§ Task directions
Print the lines below from the line with "সেন্টমার্টিনগামী জাহাজে অগ্নিকাণ্ডের" to the line with "Nueva marcha contra la explotaci�n petrolera" exactly, keeping both ends, and print no pictures.

§ Record excerpts
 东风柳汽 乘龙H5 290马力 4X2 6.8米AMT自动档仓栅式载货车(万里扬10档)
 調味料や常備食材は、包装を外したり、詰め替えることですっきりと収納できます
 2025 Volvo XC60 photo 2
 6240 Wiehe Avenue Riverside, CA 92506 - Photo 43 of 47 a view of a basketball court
* * *
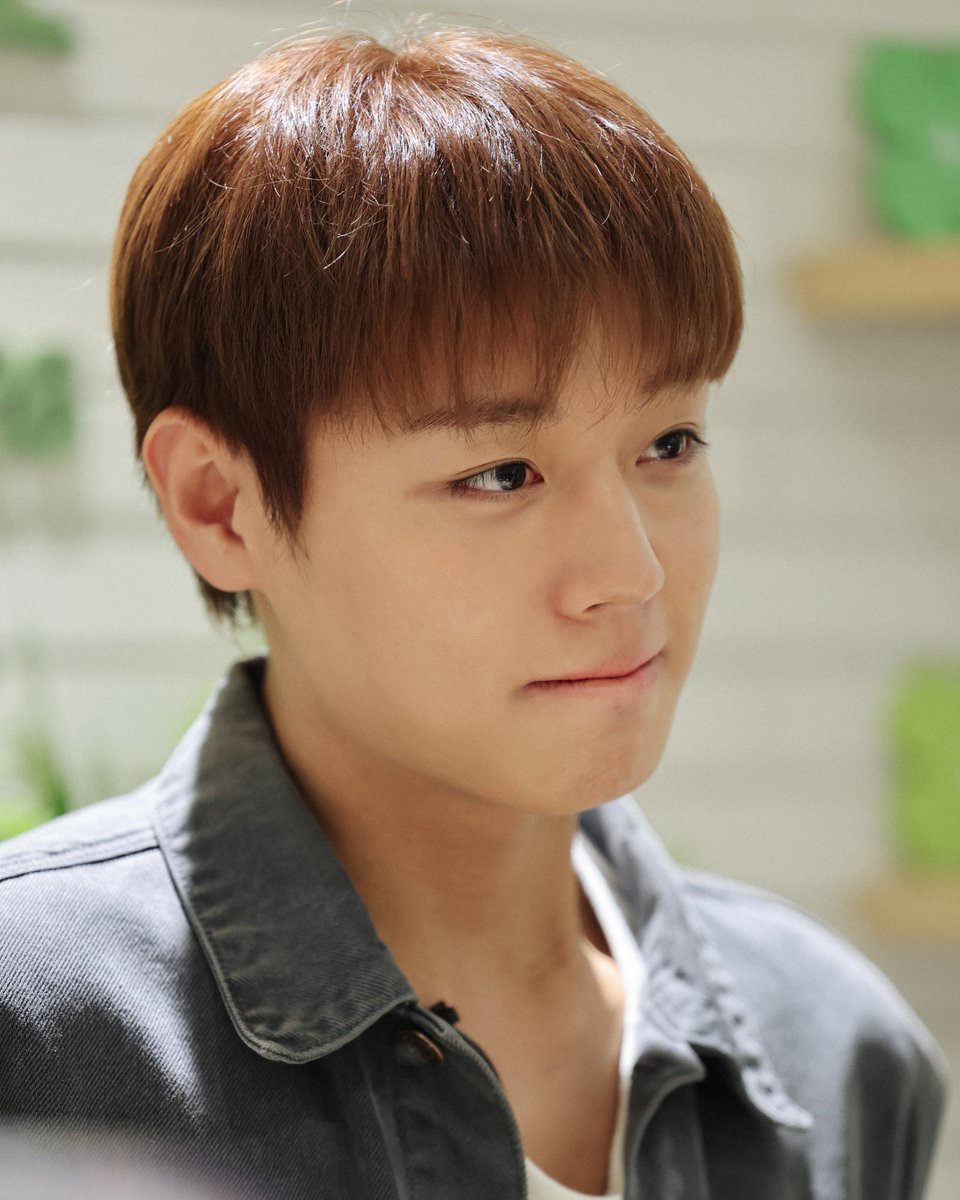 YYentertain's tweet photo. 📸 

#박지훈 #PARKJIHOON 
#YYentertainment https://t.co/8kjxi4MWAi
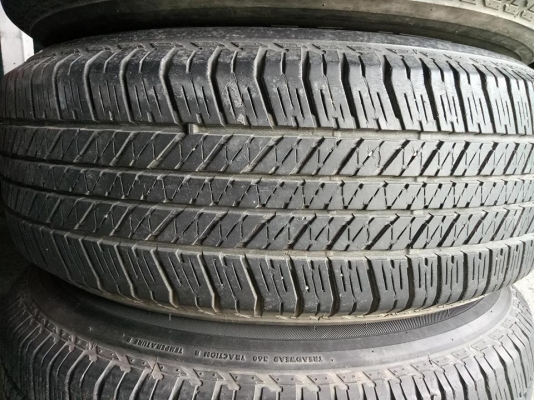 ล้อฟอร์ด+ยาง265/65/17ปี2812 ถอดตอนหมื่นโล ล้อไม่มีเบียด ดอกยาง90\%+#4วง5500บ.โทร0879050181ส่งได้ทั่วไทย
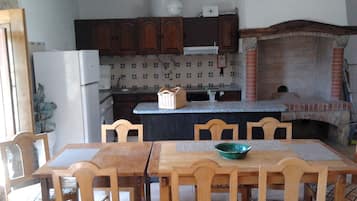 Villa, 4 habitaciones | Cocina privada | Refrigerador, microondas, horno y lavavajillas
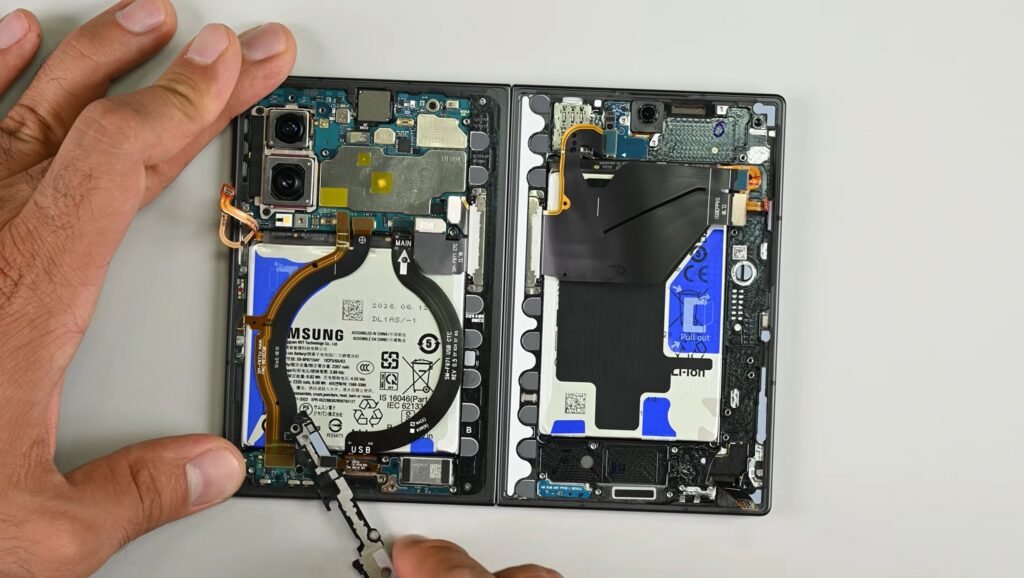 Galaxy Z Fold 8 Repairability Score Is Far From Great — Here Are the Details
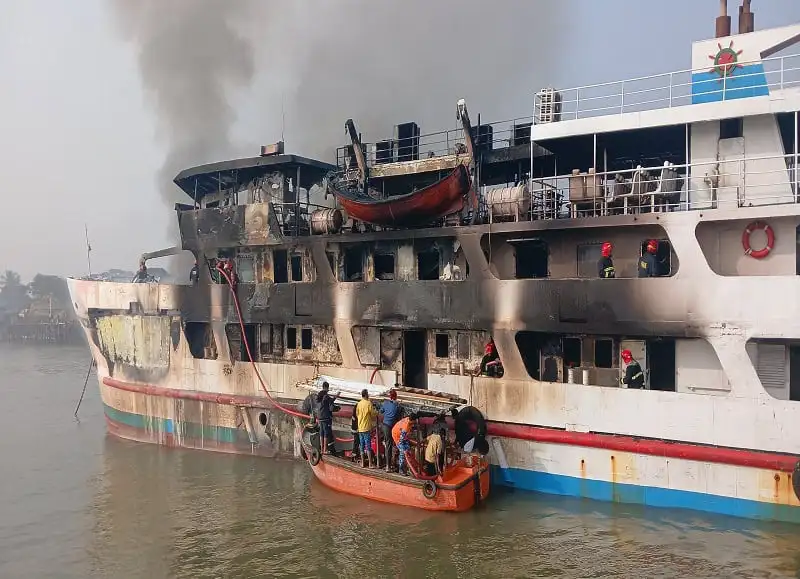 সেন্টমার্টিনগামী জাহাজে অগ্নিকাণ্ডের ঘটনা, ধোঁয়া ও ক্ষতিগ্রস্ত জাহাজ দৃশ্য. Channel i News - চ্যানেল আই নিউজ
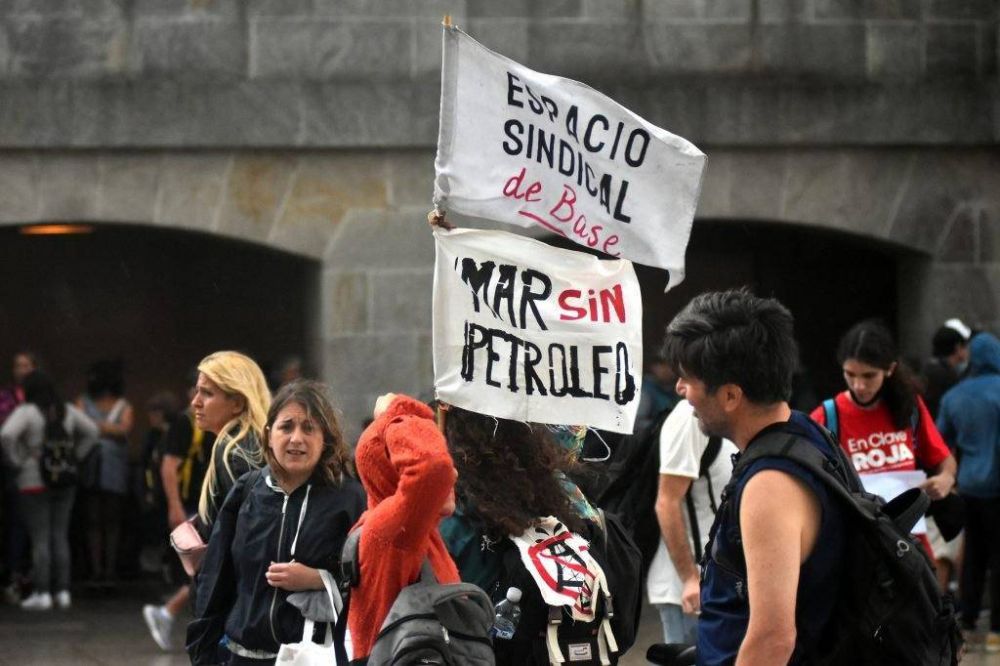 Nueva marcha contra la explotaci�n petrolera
---
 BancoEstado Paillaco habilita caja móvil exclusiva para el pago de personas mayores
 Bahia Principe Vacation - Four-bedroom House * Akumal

§ Completed task
 সেন্টমার্টিনগামী জাহাজে অগ্নিকাণ্ডের ঘটনা, ধোঁয়া ও ক্ষতিগ্রস্ত জাহাজ দৃশ্য. Channel i News - চ্যানেল আই নিউজ
 Nueva marcha contra la explotaci�n petrolera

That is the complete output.